Das Autohaus hat sich dann u. a. auf die Verjährung der Gewährleistungsansprüche laut seinen AGB berufen. Eine gerichtliche Klärung wurde unausweichlich.

Der Bundesgerichtshof hat nun nach Abschluss des Prozesses in seiner Entscheidung seine bisherige Rechtsprechung bestätigt. Demnach ist eine Klausel in Allgemeinen Geschäftsbedingungen, mit der die gesetzliche Verjährungsfrist für die Ansprüche des Käufers wegen eines Mangels der verkauften Sache abgekürzt wird, insgesamt unwirksam. Es gilt daher weiter die gesetzliche Gewährleistungsdauer bei Sachmängeln von 2 Jahren.

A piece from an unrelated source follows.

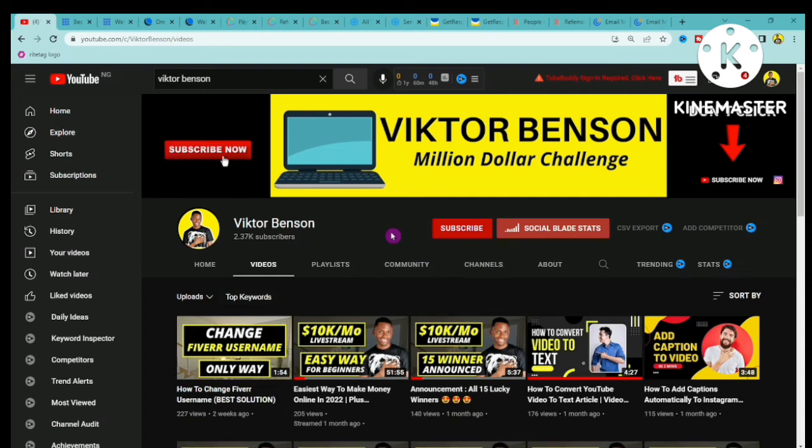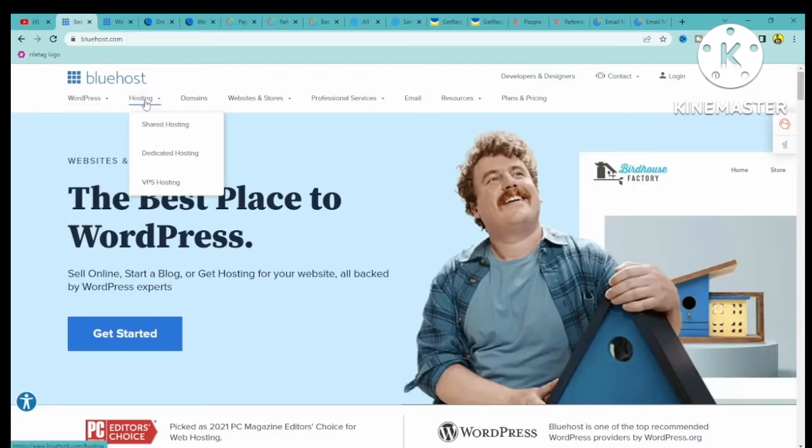What is up guys, in today's video I want to share with you one of the best CPA affiliate marketing offers that beginners can promote and make up to $65 per sign up. We are on this website called bluehost.com, and this is a web hosting software that people can use to start a blog, host their website, and do virtually a lot of things online.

Mit der Beweislast hat sich das Gericht in diesem Fall nicht beschäftigt. Diese liegt
weiterhin in den ersten sechs Monaten beim Verkäufer. Im nachfolgenden Zeitraum muss der Käufer beweisen, dass der Mangel schon bei der Übergabe vorgelegen hat. Generell bestehen die Gewährleistungsansprüche des Kunden immer gegenüber dem Verkäufer und nicht dem Hersteller der Ware.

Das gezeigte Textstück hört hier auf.